RECORD EXCERPTS:
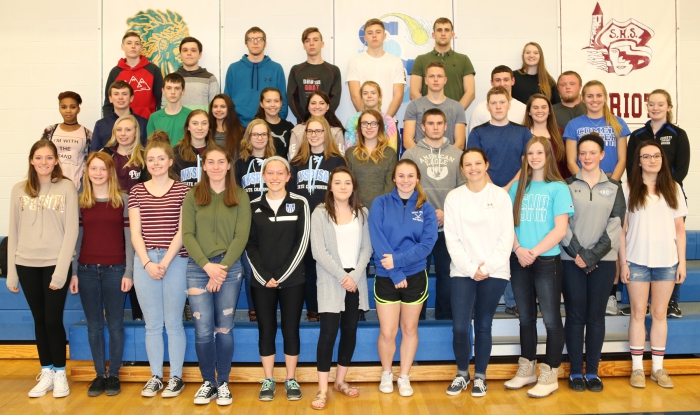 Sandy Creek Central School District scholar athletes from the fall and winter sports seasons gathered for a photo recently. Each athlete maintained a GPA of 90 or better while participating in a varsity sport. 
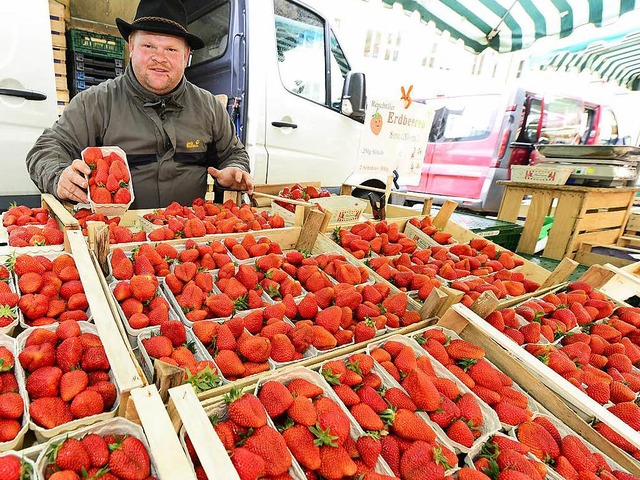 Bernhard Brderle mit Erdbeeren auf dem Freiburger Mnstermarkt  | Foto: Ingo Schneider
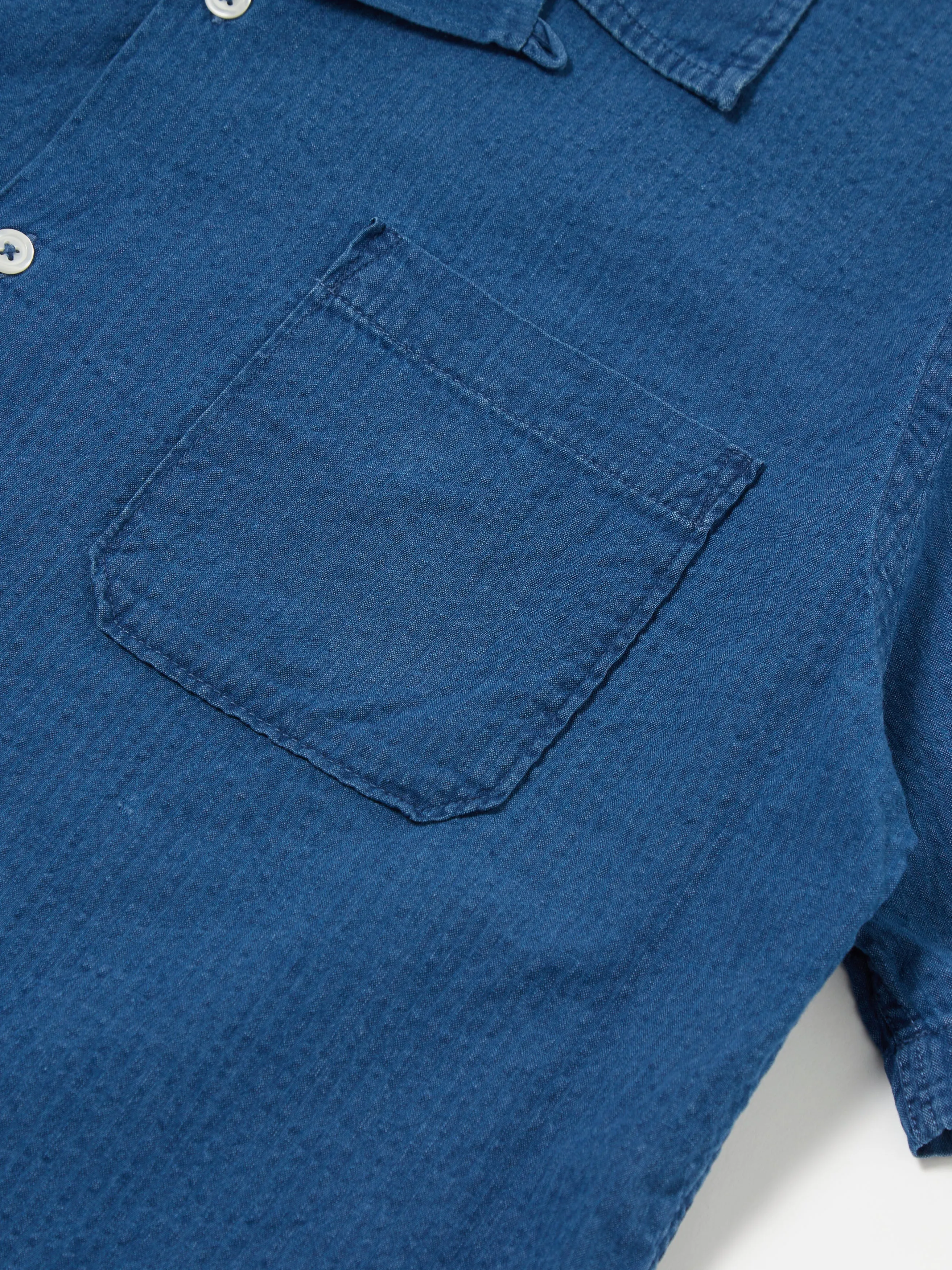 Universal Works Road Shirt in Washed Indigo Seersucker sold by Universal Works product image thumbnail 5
---
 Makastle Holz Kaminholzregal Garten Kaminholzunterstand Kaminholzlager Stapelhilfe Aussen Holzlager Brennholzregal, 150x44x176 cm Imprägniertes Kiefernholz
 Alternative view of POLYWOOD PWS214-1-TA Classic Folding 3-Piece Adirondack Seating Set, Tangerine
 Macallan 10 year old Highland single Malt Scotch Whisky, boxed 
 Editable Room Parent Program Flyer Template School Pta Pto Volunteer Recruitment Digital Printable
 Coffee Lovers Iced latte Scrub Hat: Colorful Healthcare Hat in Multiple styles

WHAT YOU WILL DO: Go to the line in the material above that contains "Macallan 10 year" and copy exactly from there through the line that contains "Coffee Lovers Iced", stopping after it.

RESULT OF THE TASK:
 Macallan 10 year old Highland single Malt Scotch Whisky, boxed 
 Editable Room Parent Program Flyer Template School Pta Pto Volunteer Recruitment Digital Printable
 Coffee Lovers Iced latte Scrub Hat: Colorful Healthcare Hat in Multiple styles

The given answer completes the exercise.